Consolidation of the Castle of Matrera Keep Tower
Collapsed partially in 2013, with compatibility and authenticity criteria, the intervention looks to structurally consolidate the elements that were at risk, to differentiate the additions from the original structure, avoiding the mimetic reconstructions, and to recover the volume and tonality that the tower originally had as a landscape icon.
After the partial collapse that this medieval tower suffered, being a historical landmark for its strategic position in the latest “Nazari” border through the Valley of Guadalete, where it´s cut with Bética range, we project the consolidation of this landscape icon that lost part of its imposing volume, leaving at risk the stability of the rest popup, removing with it not only part from the architectural element, but also the landscape reference of a landmark linked with the iconography and culture of the region.

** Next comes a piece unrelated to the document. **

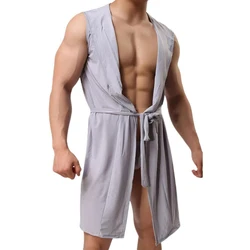 Men's Home Bathrobe Sleeveless Silk Smooth Male Hooded Bathrobe Pajama Comfortable Ultra-thin Bathrobe Lingerie Loose Underwear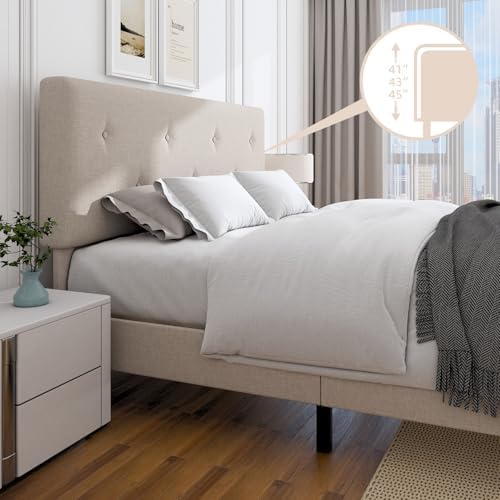 Full Size Linen Bed Frame with Adjustable Headboard Beige - Image 4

Being cultural models and emblems of our own cities and territories, the crisis has been that they succumb in the abandon for their own economic disinterest that carries their maintenance.
The essence of the project is not intended to be, therefore, an image of the future, but rather a reflection of its own past, its own origin. With brandian reference, this project aims to look at the potential restoration of unity without undertaking a historic monument false or cancel every trace of the passage in time. It tries to approach the work in recognition of the “monumentum” (memory) in its physical consistency and its dual polarity, aesthetic and historical, in order to transmit to the future.
The previous historical, constructive, functional, structural and pathological analyses, as well as the archaeological supervision have been important to define details of the project. New discoveries have appeared during the works that they have served to recover part of the interesting history of this monument of cultural interest.
For the buttresses that guarantee its stability and for the reinforcements/protections of the internal degraded cores that had lost their exterior stonework, the same limestone was re-used which had collapsed. The top was executed in order to consolidate the slender wall that remained after the collapse and that was traversing a serious risk of overturn. In its exterior face, the flesh was removed and in that the original white covering was retained in its interior face as well as an interesting fresco painting of a boat in ochre tonality. All the edges have been rethought from the details of geometric existing elements to mark its original volume.
In parallel with the practice in intervention of movable heritage, its historical value is enhanced, facing its original volume using a continuous coating (mortar of lime) similar to that which originally covered it, which clogs the gap and allows reading of the architecturally recessed unit. Likewise the upper casing defines its construction phases enhancing the original battlements shots that were hidden behind their stratigraphic superposition.